(Records from a collection)

=-=-=-=-=

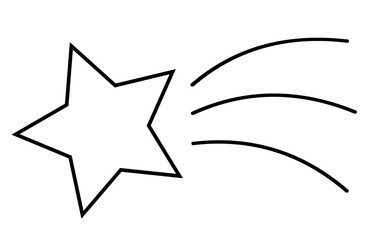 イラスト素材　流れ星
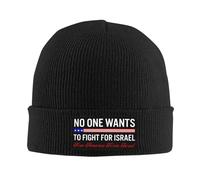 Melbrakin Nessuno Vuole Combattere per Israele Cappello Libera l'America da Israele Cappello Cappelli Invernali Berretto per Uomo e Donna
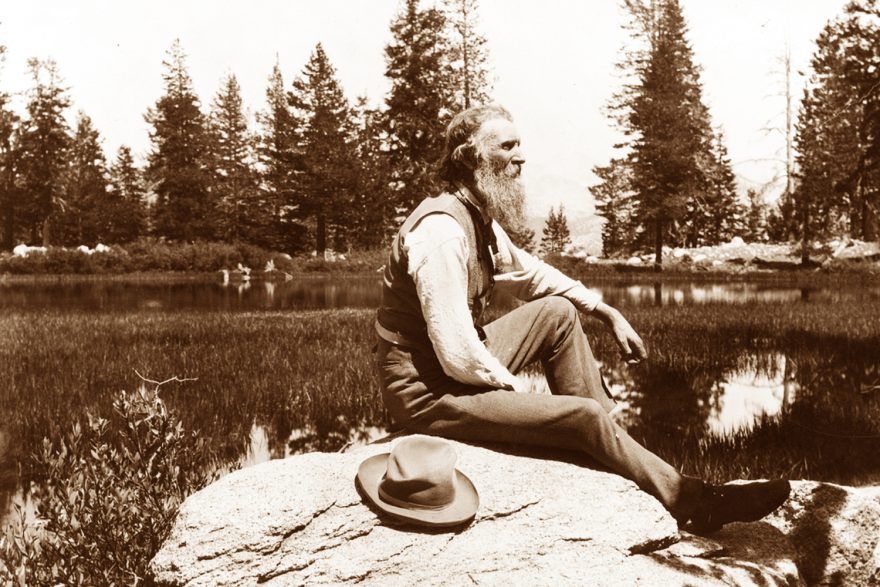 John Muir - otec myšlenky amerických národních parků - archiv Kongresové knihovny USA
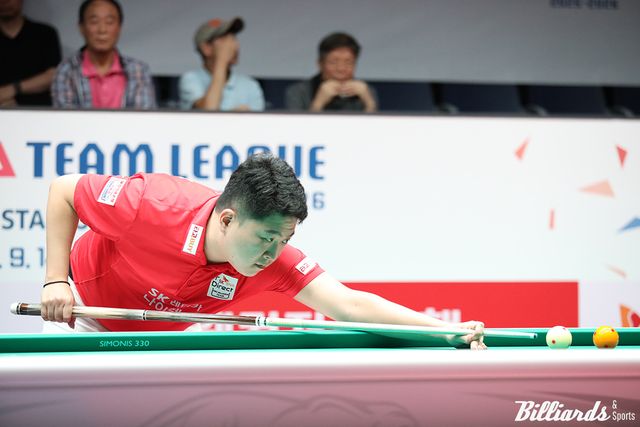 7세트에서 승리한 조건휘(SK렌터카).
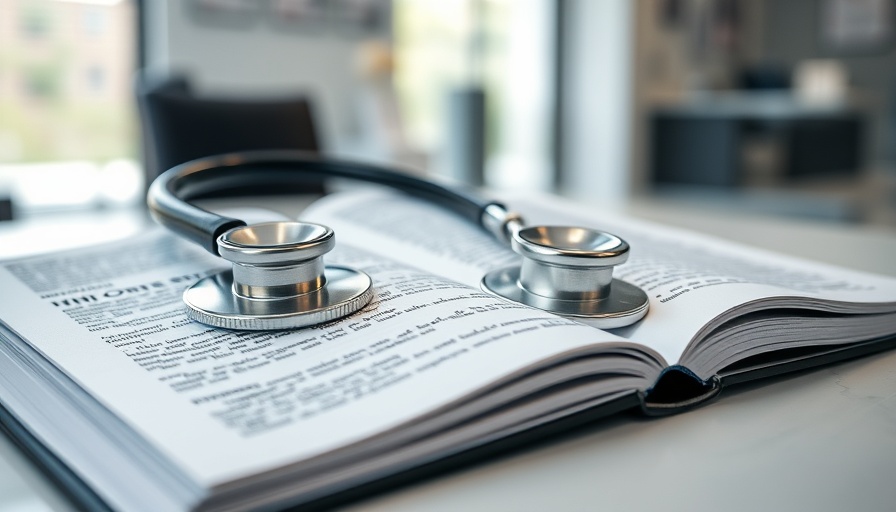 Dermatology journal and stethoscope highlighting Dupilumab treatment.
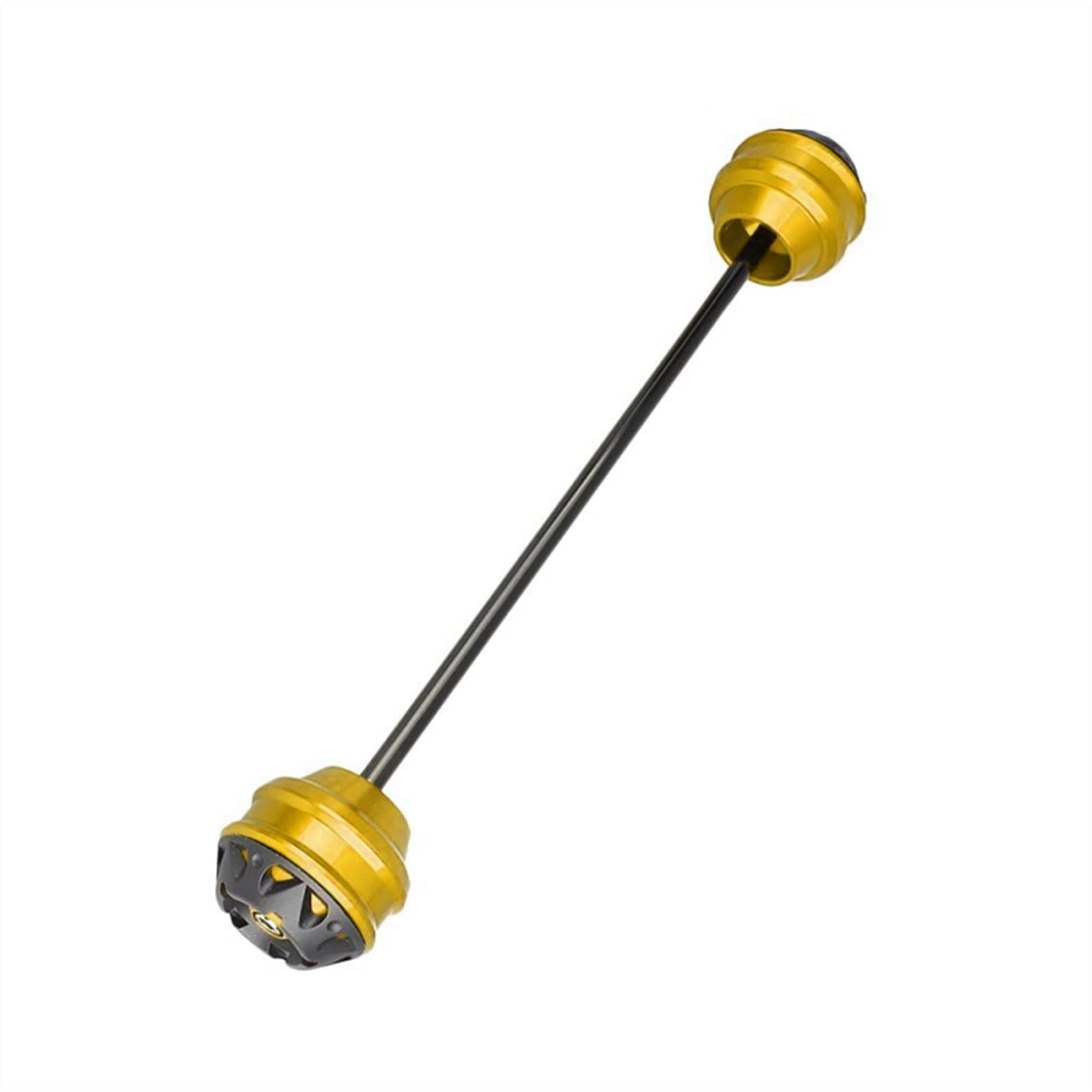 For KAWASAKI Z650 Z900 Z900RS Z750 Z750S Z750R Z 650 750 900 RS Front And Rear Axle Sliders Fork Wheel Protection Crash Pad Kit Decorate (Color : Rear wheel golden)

=-=-=-=-=

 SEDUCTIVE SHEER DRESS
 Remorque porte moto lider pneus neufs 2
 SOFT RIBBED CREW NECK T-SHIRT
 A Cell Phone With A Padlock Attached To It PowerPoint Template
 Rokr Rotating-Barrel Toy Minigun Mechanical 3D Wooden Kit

=-=-=-=-=

Make an exact copy of the lines above, beginning with the line with "John Muir - otec" and ending with the line with "For KAWASAKI Z650", and keep the pictures out of it.

 John Muir - otec myšlenky amerických národních parků - archiv Kongresové knihovny USA
 7세트에서 승리한 조건휘(SK렌터카).
 Dermatology journal and stethoscope highlighting Dupilumab treatment.
 For KAWASAKI Z650 Z900 Z900RS Z750 Z750S Z750R Z 650 750 900 RS Front And Rear Axle Sliders Fork Wheel Protection Crash Pad Kit Decorate (Color : Rear wheel golden)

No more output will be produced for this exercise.